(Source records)
###

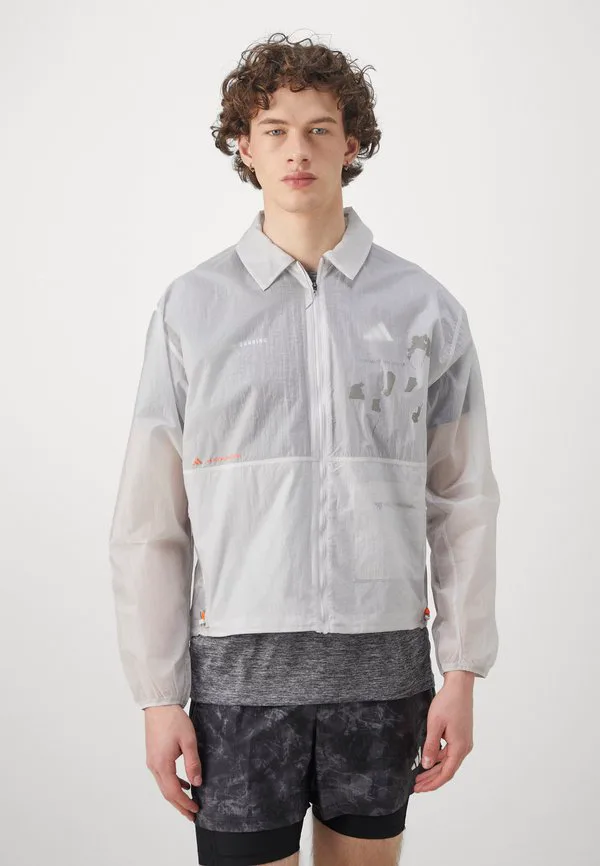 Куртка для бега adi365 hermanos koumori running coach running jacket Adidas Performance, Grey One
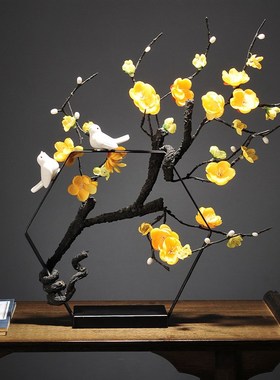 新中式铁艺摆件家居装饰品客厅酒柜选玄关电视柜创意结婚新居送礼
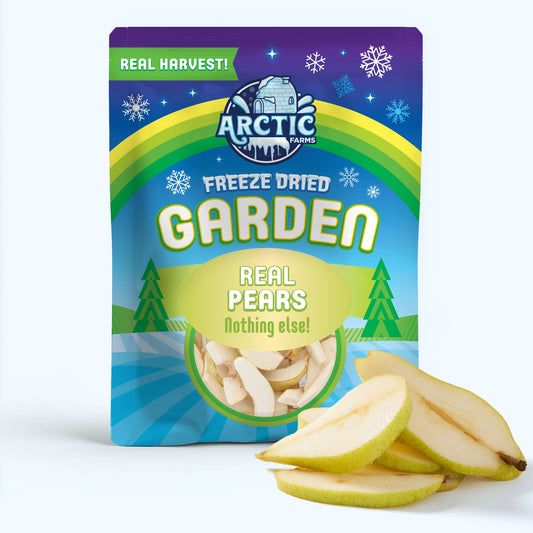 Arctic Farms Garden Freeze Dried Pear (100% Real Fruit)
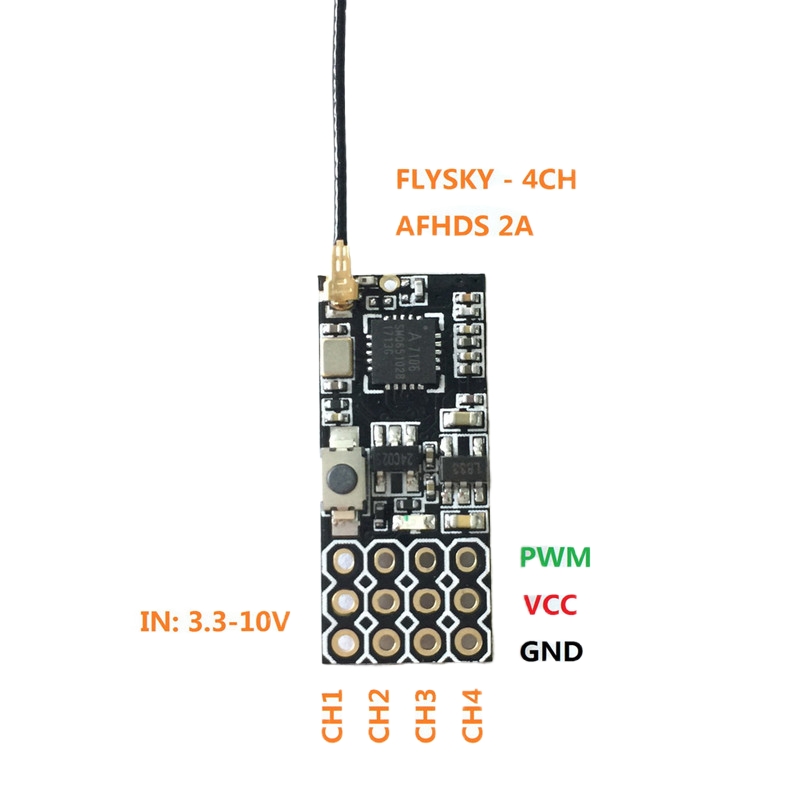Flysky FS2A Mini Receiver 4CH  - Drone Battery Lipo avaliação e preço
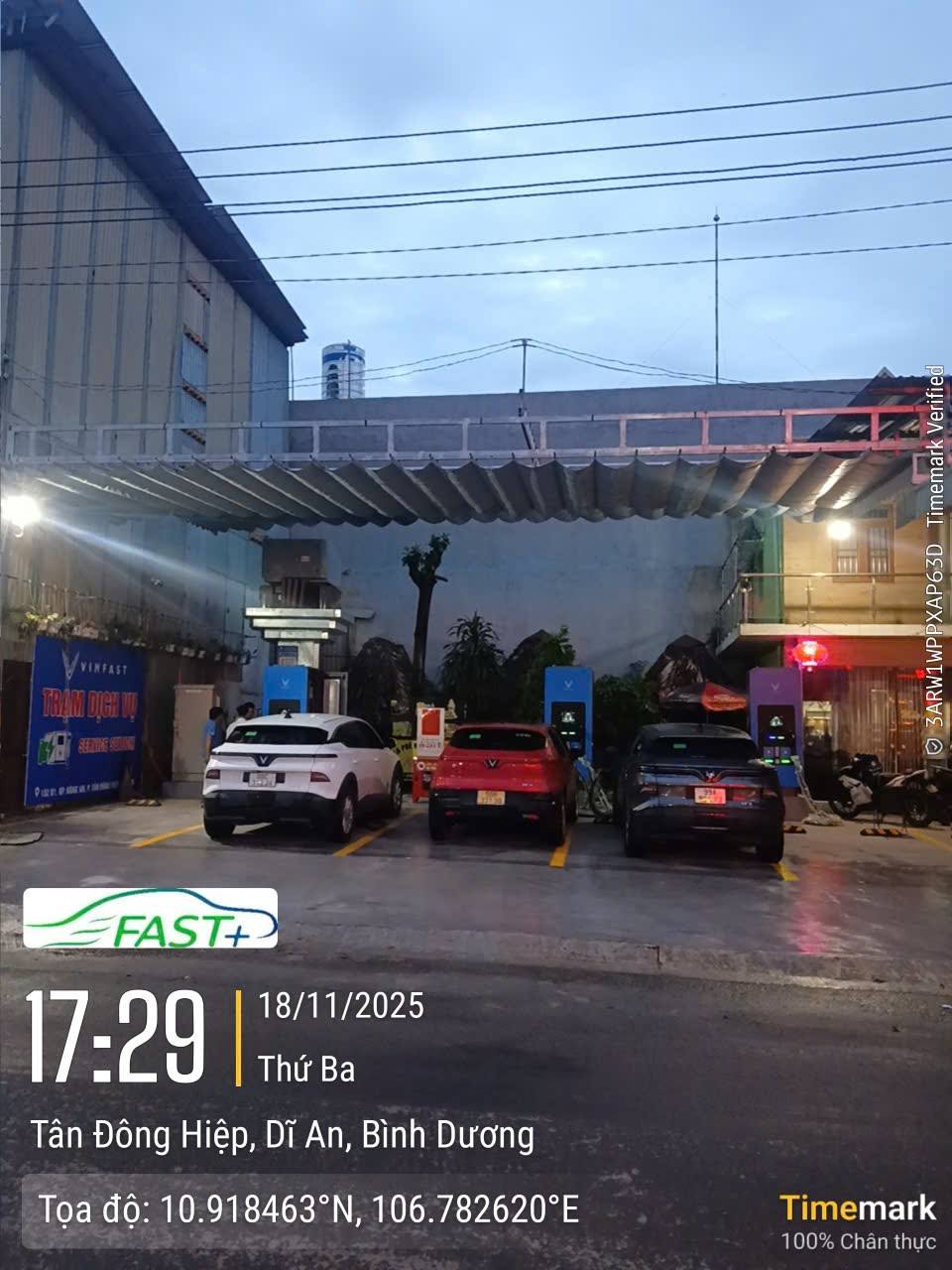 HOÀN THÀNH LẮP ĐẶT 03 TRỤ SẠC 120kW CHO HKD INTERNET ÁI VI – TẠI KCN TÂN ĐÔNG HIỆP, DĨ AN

###

## YOUR INSTRUCTIONS:
Write out the data precisely as given, excluding the pictures.

## FINISHED EXERCISE:
 Куртка для бега adi365 hermanos koumori running coach running jacket Adidas Performance, Grey One
 新中式铁艺摆件家居装饰品客厅酒柜选玄关电视柜创意结婚新居送礼
 Arctic Farms Garden Freeze Dried Pear (100% Real Fruit)
Flysky FS2A Mini Receiver 4CH  - Drone Battery Lipo avaliação e preço
 HOÀN THÀNH LẮP ĐẶT 03 TRỤ SẠC 120kW CHO HKD INTERNET ÁI VI – TẠI KCN TÂN ĐÔNG HIỆP, DĨ AN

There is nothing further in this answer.